The lion is called the king of the jungle. We go to see him in the zoo. To us it is entertainment. To him it is forced captivity. What does he do? He paces back and forth, back and forth. He senses that he was meant for something greater. Even if he was born in captivity that sense is not squelched. It is time I rise up to the person God has called me to be. Everything in that lion’s life may contradict his kingship but it doesn’t change his true identity. Am I locked in a cage the devil has trapped me in, built bar by bar from the poor choices and sins of my past? Am I going to just make do in the cage? Not me! I am going to rise up with a mighty roar. I will no longer settle for the way my life has been. “Greater is He who is in you than he who is in the world.” (1John 4:4 KJV)

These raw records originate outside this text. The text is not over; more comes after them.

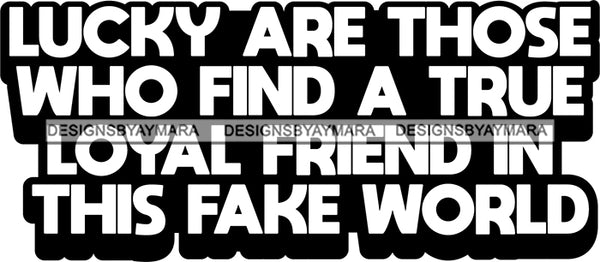 Hustle Quotes Lucky True Loyal Friend Motivated B/W SVG Cutting Files For Silhouette Cricut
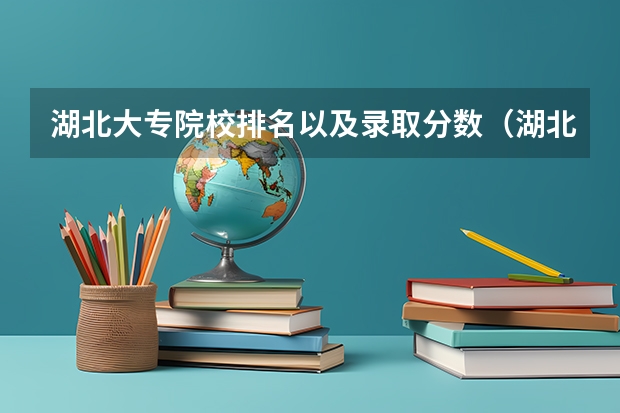 湖北大专院校排名以及录取分数（湖北省内专科院校排名）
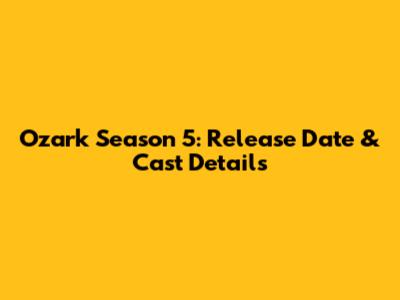 Ozark Season 5: Release Date & Cast Details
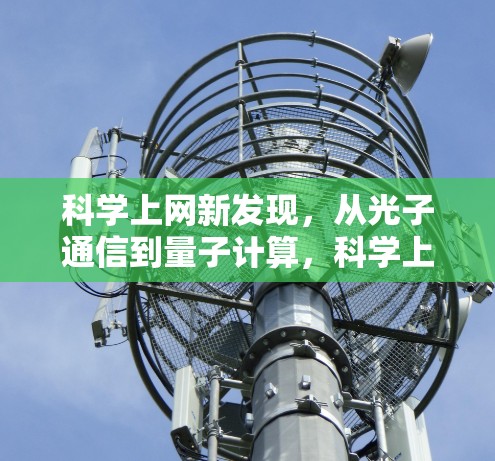 科学上网新发现，从光子通信到量子计算，科学上网正在引领科技革命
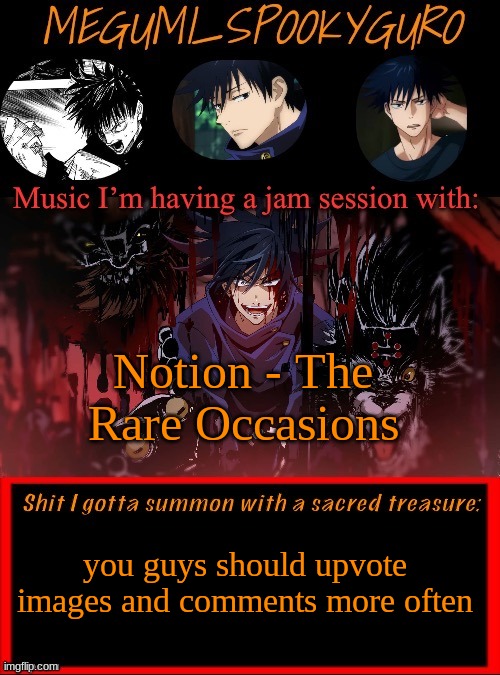 it would be nice | Notion - The Rare Occasions; you guys should upvote images and comments more often | image tagged in megumi spookyguro announcement temp | made w/ Imgflip meme maker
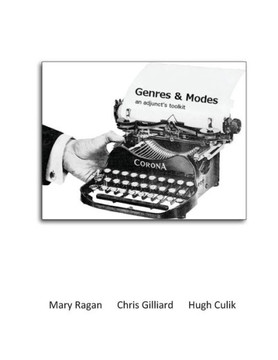 Genres & Modes: an adjunct's toolkit Genres & Modes: an adjunct's toolkit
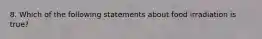 8. Which of the following statements about food irradiation is true?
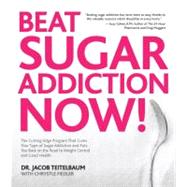 Beat Sugar Addiction Now! The Cutting-Edge Program That Cures Your Type of Sugar Addiction and Puts You on the Road to Feeling Great - and Losing Weight!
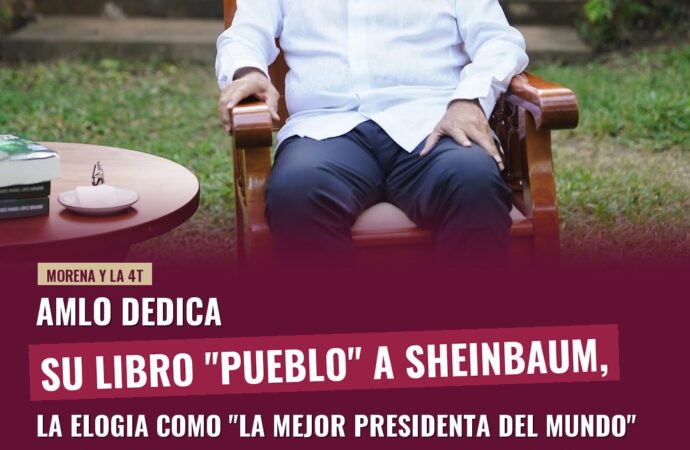AMLO dedica su libro “Pueblo” a Sheinbaum, la elogia como “la mejor presidenta del mundo”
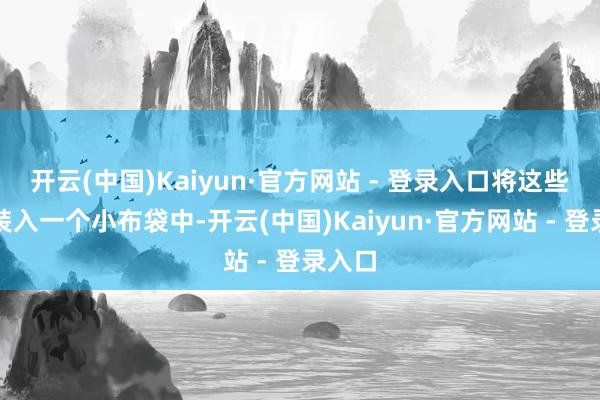 开云(中国)Kaiyun·官方网站 - 登录入口将这些香料装入一个小布袋中-开云(中国)Kaiyun·官方网站 - 登录入口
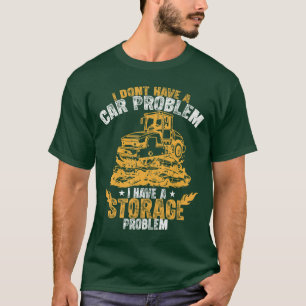 T-shirt Je n'ai pas un problème de voiture, j'ai un problè
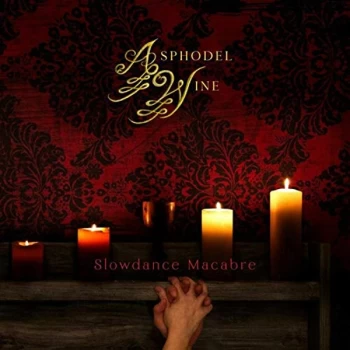 Image of Asphodel Wine - Slowdance Macabre Vinyl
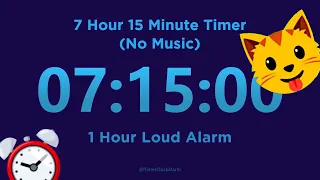 7 Hour 15 minute Timer Countdown (No Music) + 1 Hour Loud Alarm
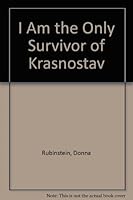 I Am the Only Survivor of Krasnostav 0884000931 Book Cover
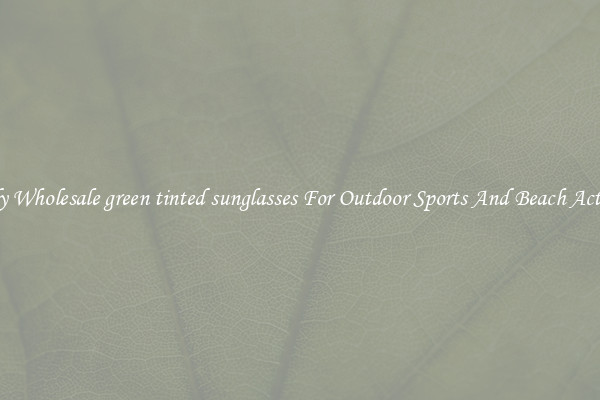 Trendy Wholesale green tinted sunglasses For Outdoor Sports And Beach Activities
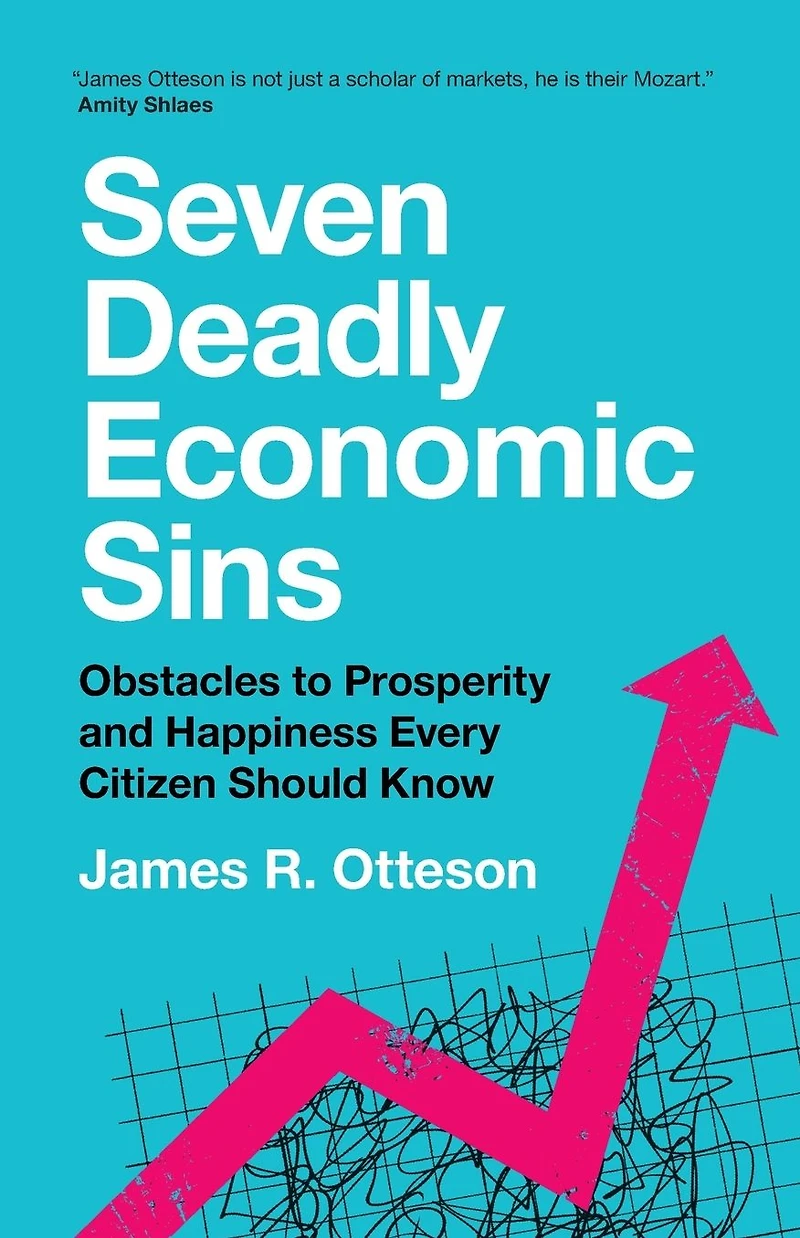Seven Deadly Economic Sins: Obstacles to Prosperity and Happiness Every Citizen Should Know
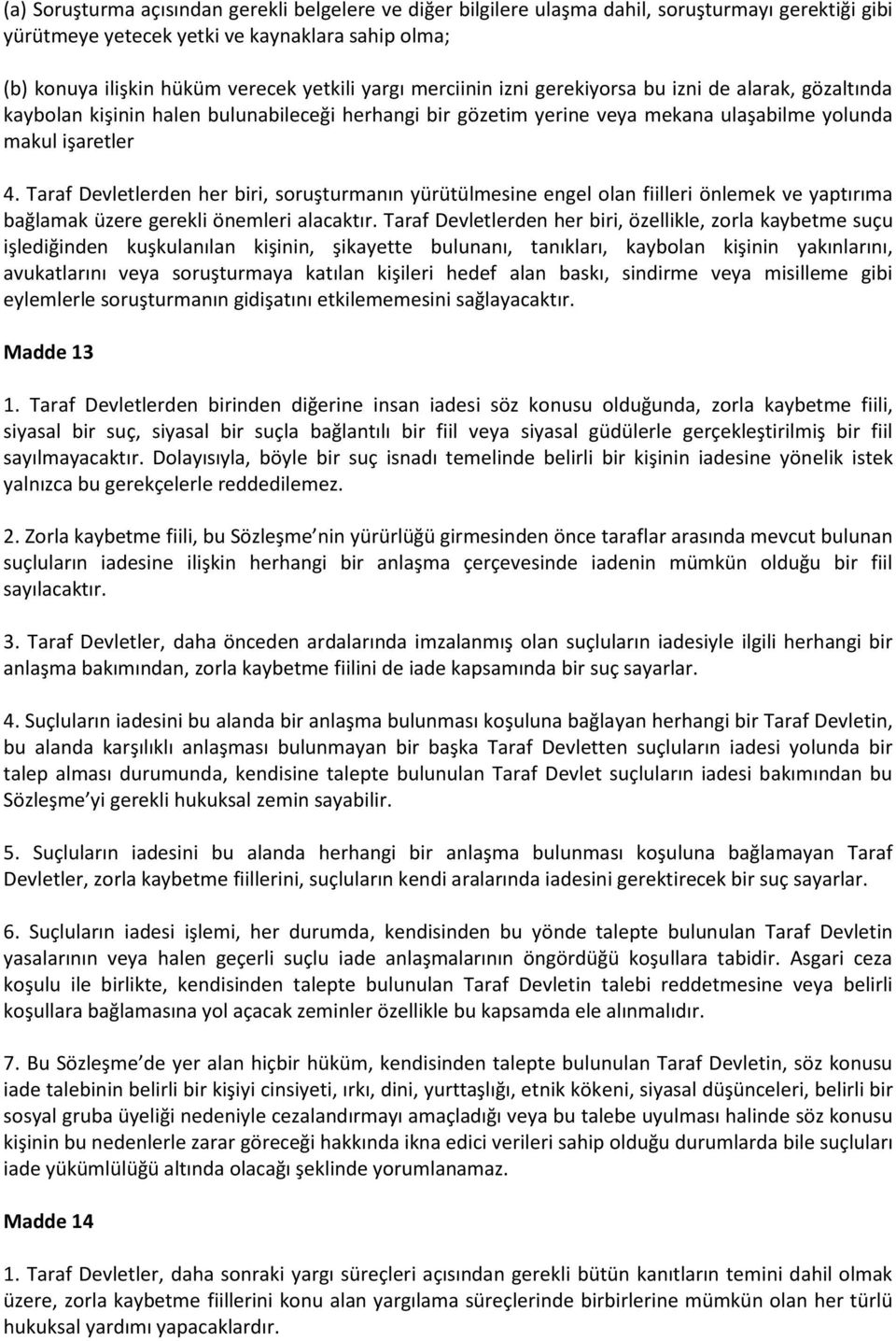 Taraf Devletlerden her biri, soruşturmanın yürütülmesine engel olan fiilleri önlemek ve yaptırıma bağlamak üzere gerekli önemleri alacaktır.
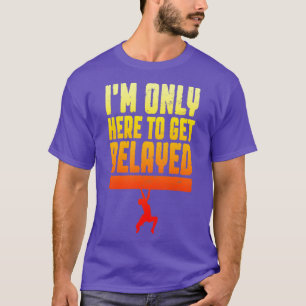 Im Only Here To Get Belayed Rock Climbing Climber T-Shirt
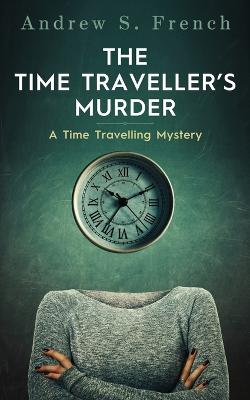 Book cover for The Time Traveller's Murder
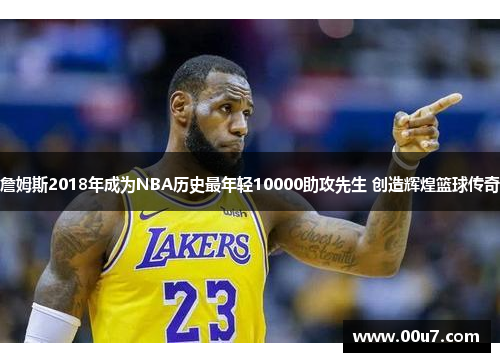 詹姆斯2018年成为NBA历史最年轻10000助攻先生 创造辉煌篮球传奇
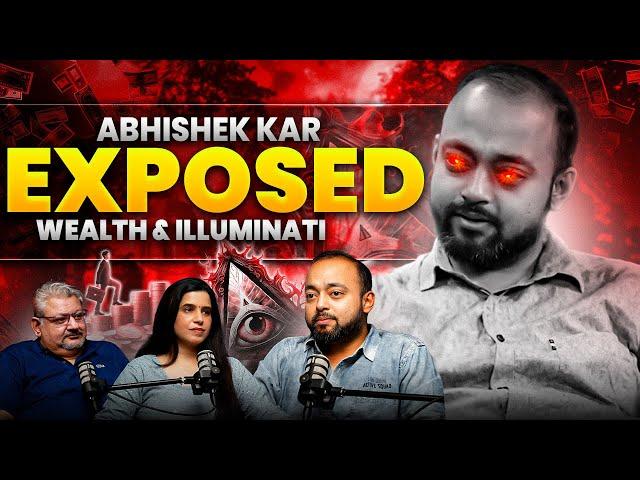 @AbhishekKar  Exposed | Secrets of Wealth & The Illuminati Unveiled! | TheDeepTalks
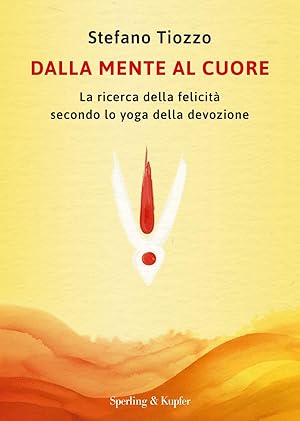Immagine del venditore per Dalla mente al cuore. La ricerca della felicit� secondo lo yoga della devozione venduto da Rarewaves.com UK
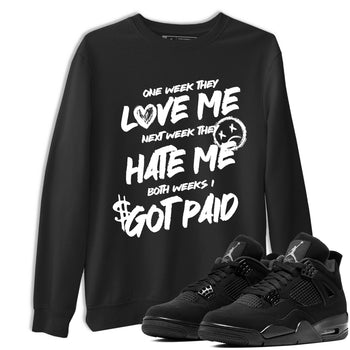 Best Sneakerfit graphic tee – Sneaker Tees To Match Air Jordan 4 Retro Black Cat Sneakers – I Got Paid Tee Black 1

I can decide to break out of the cage where the enemy has entrapped me. Blind Bartimaeus threw aside his beggar’s coat (Mark 10:46-52) because he had a new vision. That coat was his license to beg, but he threw it aside because he had a new vision. He did not yet have sight but he had vision. I must throw off that which makes up the bars for the cage of old vision and move toward the freedom of the new vision. Philippians 3:13-14 (NKJV) says, “Brethren, I do not count myself to have apprehended; but one thing I do, forgetting those things which are behind and reaching forward to those things which are ahead, I press toward the goal for the prize of the upward call of God in Christ Jesus.”
The devil goes about like a roaring lion to bring fear and intimidation, but there is another lion described in the Bible: the Lion of the tribe of Judah, Jesus who comes to bring life and peace. What is our response to the devil? Submit to God, to the truth and power of His Word. Then we are empowered to resist the enemy, to roar right back even louder. It is time to roar!